Wheelchair tennis star Andy Lapthorne

Andy Lapthorne with his quad doubles partner Peter Norfolk. Credit: Tennis Foundation

With just 100 days to go until the Paralympics wheelchair tennis player Andy Lapthorne is getting steadily more excited... or is that nervous? He spoke to us as he took on Ade Adepitan, paralympic wheelchair basketball player, at a spot of tennis...

"One-hundred days to go Andy - how are you feeling?"

"It's just getting closer and closer... from two years out you think I've got so much time and then gradually it gets closer and closer. On the website there's a count down and to go into double figures is going to be unreal - you know it's just round the corner and you need to start training hard."

Andy was born with Cerebral Palsy. It affects his legs in that he can't walk very far, his arms which he can't fully straighten, and his grip. He is also left handed. In fact when he first started playing aged 12 he used both hands to work out which was the best - it turned out left is best!

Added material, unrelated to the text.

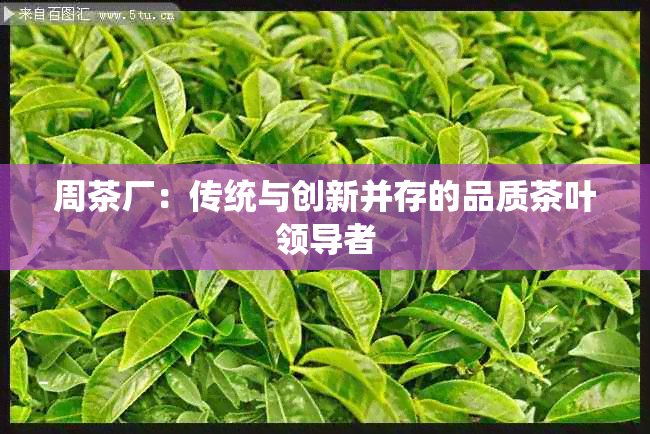 周茶厂：传统与创新并存的品质茶叶领导者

He originally played football and joined a disabled team from the age of eight but after a couple of years he said realised the sport wasn't going to get him to the elite levels he wanted to go to:

"So I started to search for sports which were more on keel with an able-bodied sport in terms of being really elite and professional. I started playing wheelchair basketball and then actually attended one of the tennis foundation camps they run to get disabled people playing tennis. I attended that and met one of the coaches, Stu, and we've been working together for about eight years now."

Andy is ranked fourth in the world at singles and at doubles has won the Australian Grand Slam with his quad doubles partner Peter Norfolk, not once but twice. He will be going not just for medals this summer but gold.

Ade Adepitan, who won Bornze with the British wheelchair basketball team at the Paralympic Games in Athens 2004 said:

"He takes no pity on me on the court! He's got really good prospects for this year if he keeps working really hard, keeps doing what he's doing, then good things can happen."